Ken and Alice both are avid about exercise. Ken runs four miles a day (on a treadmill in the Texas summers). She prefers the elliptical machine and stationary bike.
For vacations, they take exotic bicycling trips. In France last month, they planned to bicycle about 35 to 40 miles per day with nine other couples. At the end of every day on such a vacation, they retreat to a nice hotel, hearty meal, luxuriating bath and awaken to do it all again.
“It’s all in fun and a social occasion and getting exercise, too, and is a way to get together with friends we have known for 30 years,” she said.
They have taken bicycling trips throughout the United States, including Maine and California. They’ve also visited Italy, Ireland and France. But this is only something they have taken up since they’ve been empty nesters. When their children were young, they took family trips together. The bicycle trips also are a way for the Starrs to meet people.
Now they hope to meet many new friends through Baylor’s extended family.

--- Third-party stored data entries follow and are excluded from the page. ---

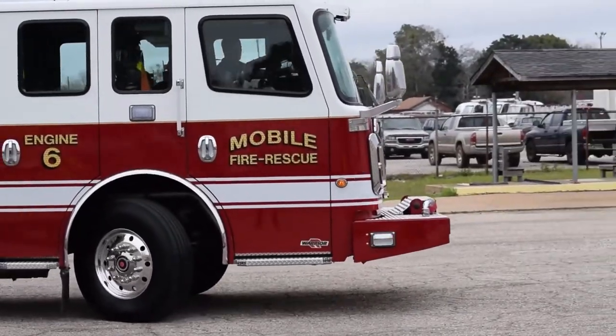With these new trucks coming in, our firefighters are excited about having them. Being a fire department that's proactive and being able to get newer technology and newer fire trucks for our personnel — where they can come in and respond to the citizens' needs — we're real excited to have them.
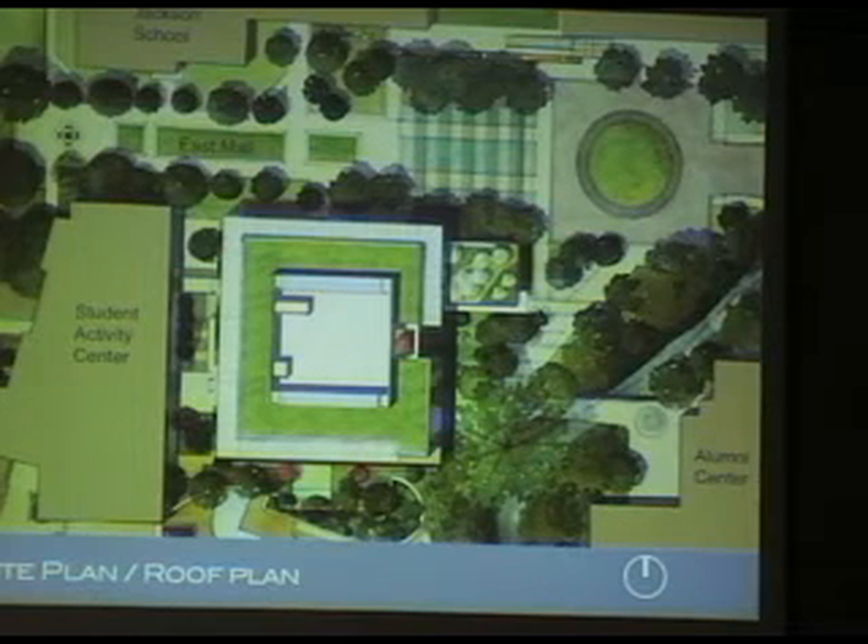Here's the roof plan, looking at the building from up above. Our building is this one in the middle — Student Activity Center, Jackson School, East Mall. The drop-off is here; this is showing the new fountain, which becomes this broad set of steps. One of the things we've done is extend a wing of the building out toward Waller Creek in order to create a southern boundary for this fountain. Interestingly, the length of this wing from here to here is about 360 feet — about the same height as the tower, 364 to 370 feet.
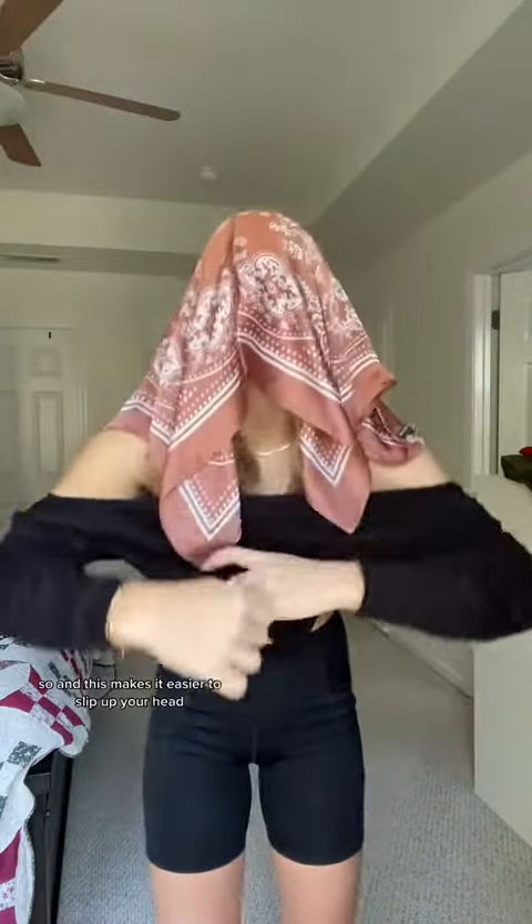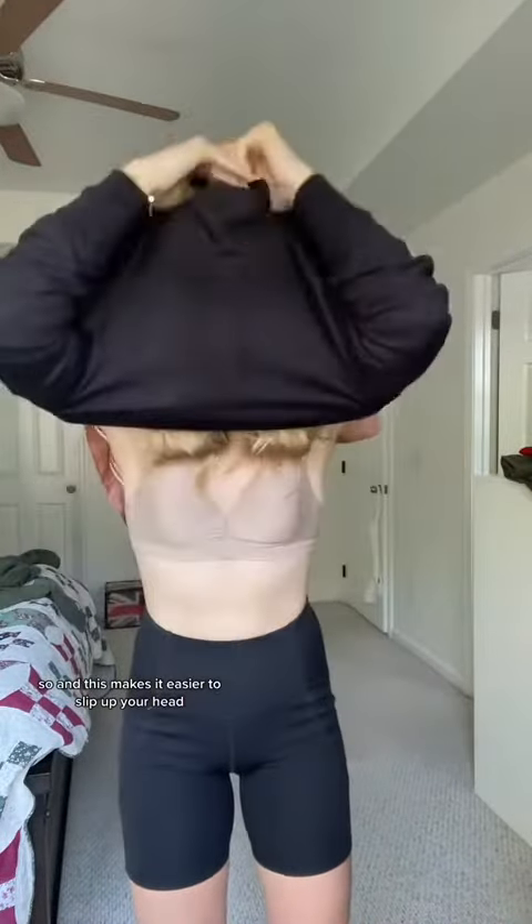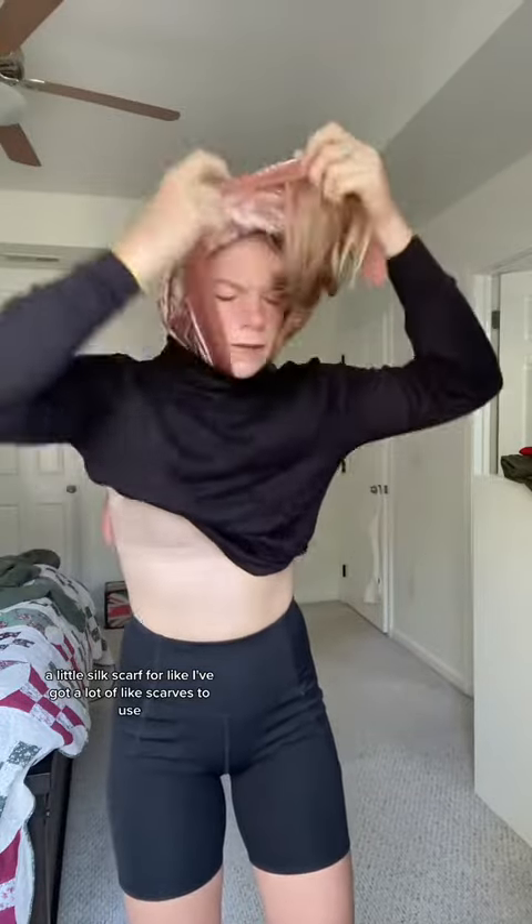Now I'm going on with a turtleneck. I promise this will come together at the end, but I already have my makeup done and I don't want to ruin it, so this makes it easier to slip up your head — a little silk scarf. I've got a lot of scarves to use. We've got the turtleneck.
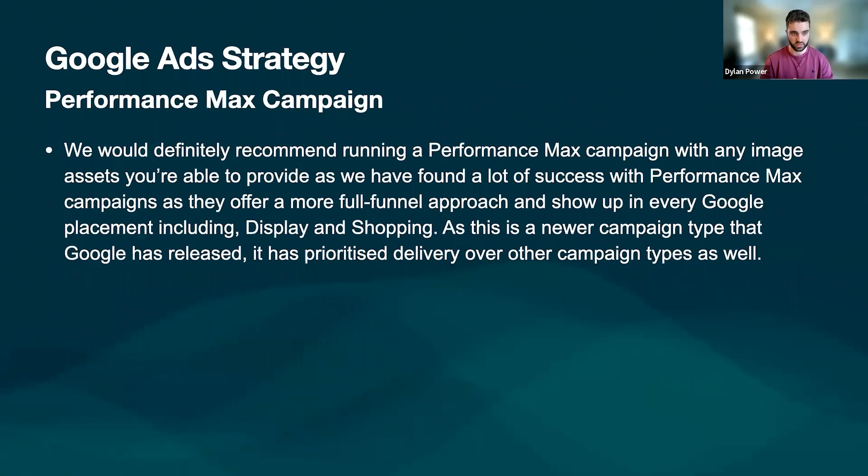Finally, we're going to be running a Performance Max campaign. With the assets you can provide, we find a lot of success with campaigns where we've been running a more full funnel approach — display, shopping, placement, all of these things. Like the Facebook shopping ad, this is a new campaign that Google has released and they're really prioritizing it over other campaigns. How? Lower cost per clicks and really lower cost of acquisition for us running after it. It's relatively new but we'd recommend pushing this at the start because those lower CPCs with newer launch options from Google would work really well. That is awesome — we'll stop sharing and we can have a chat.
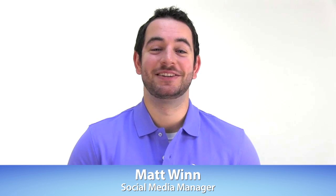Hi everybody, my name is Matt, social media manager here at Volusion, and welcome to Two Minute Tuesdays, giving you two minutes of e-commerce advice to bolster your online success.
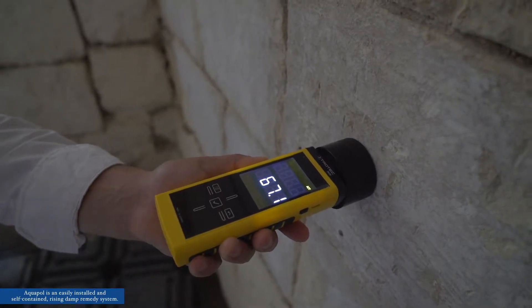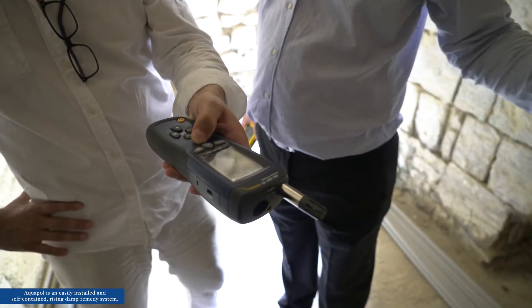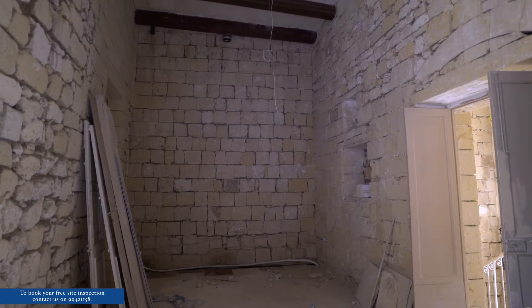What we learned from testing is that the humidity, apart from rising up, is actually slowly destroying the fabric of the walls. We learned that the water is going up through the small capillaries of the stones, deteriorating the stone itself.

“Family is extremely important to both Ken and I, and we have a very close-knit family,” Alice said. “We’re very proud of them. I’m proud of Ken and all that he stands for, and we’re very much looking forward to spending time with people here at Baylor and making sure it’s a tremendous experience for the students and faculty and administrators. ... They are so important and intertwined in the life of this wonderful university. Please come up and say hello and don’t be shy. We’d like to meet everybody.”